# Durhams new hot spot!!! Aquarium depot opens this sat!!



## mmatt (Feb 12, 2012)

For those that don't know aquarium depot is opening up their whitby location this sat. 10-5. Grand opening 

Got a sneak peak last night and there is all kinds of goodies available from dry goods to hardware, and some beauty frags and colonies. Stuff for every price point. 

Salts, lights, bulbs, testing kits, powerheads, food,(dry and quality frozen) additives and everything you want and didn't know you needed.

No need for us durham guys to head west anymore. And the location makes it a good spot for Scarborough reefers too. 

NE corner of Hopkins and consumers drive. Conveniently located just of the 401. Just west of Thickson exit.

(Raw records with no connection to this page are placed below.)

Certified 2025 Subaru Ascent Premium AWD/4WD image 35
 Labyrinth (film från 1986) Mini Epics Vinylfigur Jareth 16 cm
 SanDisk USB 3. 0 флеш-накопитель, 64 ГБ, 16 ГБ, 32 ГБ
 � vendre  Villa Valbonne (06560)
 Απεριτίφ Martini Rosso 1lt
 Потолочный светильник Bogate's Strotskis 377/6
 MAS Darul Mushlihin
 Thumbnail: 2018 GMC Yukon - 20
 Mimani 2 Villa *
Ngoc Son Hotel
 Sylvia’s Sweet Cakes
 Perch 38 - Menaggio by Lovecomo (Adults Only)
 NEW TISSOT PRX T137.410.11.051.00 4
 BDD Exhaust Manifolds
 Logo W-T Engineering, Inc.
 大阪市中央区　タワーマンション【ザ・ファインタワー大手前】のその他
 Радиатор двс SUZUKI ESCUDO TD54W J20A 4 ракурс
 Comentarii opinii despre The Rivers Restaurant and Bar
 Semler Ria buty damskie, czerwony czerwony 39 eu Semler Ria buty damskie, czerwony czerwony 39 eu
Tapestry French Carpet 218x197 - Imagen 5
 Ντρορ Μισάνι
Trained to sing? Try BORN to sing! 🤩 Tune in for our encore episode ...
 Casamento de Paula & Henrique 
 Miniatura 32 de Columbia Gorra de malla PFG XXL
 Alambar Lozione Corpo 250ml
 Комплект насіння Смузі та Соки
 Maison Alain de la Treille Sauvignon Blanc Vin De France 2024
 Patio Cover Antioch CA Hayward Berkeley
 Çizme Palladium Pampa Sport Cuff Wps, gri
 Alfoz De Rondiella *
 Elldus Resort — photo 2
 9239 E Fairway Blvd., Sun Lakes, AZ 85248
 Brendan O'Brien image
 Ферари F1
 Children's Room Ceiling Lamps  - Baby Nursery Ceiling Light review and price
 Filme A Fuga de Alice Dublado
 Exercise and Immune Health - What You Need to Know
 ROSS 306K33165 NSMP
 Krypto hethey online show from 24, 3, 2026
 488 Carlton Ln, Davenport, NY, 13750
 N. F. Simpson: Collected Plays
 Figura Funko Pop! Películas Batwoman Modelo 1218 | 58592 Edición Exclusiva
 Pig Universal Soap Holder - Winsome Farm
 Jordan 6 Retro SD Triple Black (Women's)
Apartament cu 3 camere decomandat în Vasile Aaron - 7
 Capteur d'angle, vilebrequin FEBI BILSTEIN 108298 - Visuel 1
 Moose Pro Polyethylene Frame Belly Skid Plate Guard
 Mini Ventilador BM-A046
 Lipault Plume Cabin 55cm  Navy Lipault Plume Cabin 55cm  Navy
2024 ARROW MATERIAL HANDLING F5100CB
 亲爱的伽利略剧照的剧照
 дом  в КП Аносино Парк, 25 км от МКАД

Time to support local ladies and gents


----------



## Car2n (Jun 7, 2011)

Yeah, Great location.
I've been hoping for a good store to open up in this end of the woods.
And it couldn't be a better one than Aquarium depot.


----------



## wtac (Mar 17, 2006)

BA wont be the only game in town wrt marine...best of luck on the new location AD!


----------



## notclear (Nov 5, 2011)

Can't wait to visit it !


----------



## Dee2010 (Mar 26, 2013)

mmatt said:


> For those that don't know aquarium depot is opening up their whitby location this sat. 10-5. Grand opening
> 
> Got a sneak peak last night and there is all kinds of goodies available from dry goods to hardware, and some beauty frags and colonies. Stuff for every price point.
> 
> ...


Plus 1 on that note! You must've picked up some pieces right bro? lol &#55357;&#56841;


----------



## mmatt (Feb 12, 2012)

Lol no no not yet. Gotta be fair to everyone one else


----------



## mmatt (Feb 12, 2012)

Picked up a nice fat and healthy aussie gold torch today and good price too. Also some Larry's reef frenzy. Very few places in canada get that awesome food

Here are some pics of the shop


----------



## Dee2010 (Mar 26, 2013)

Reef nutrition finally !!!!


----------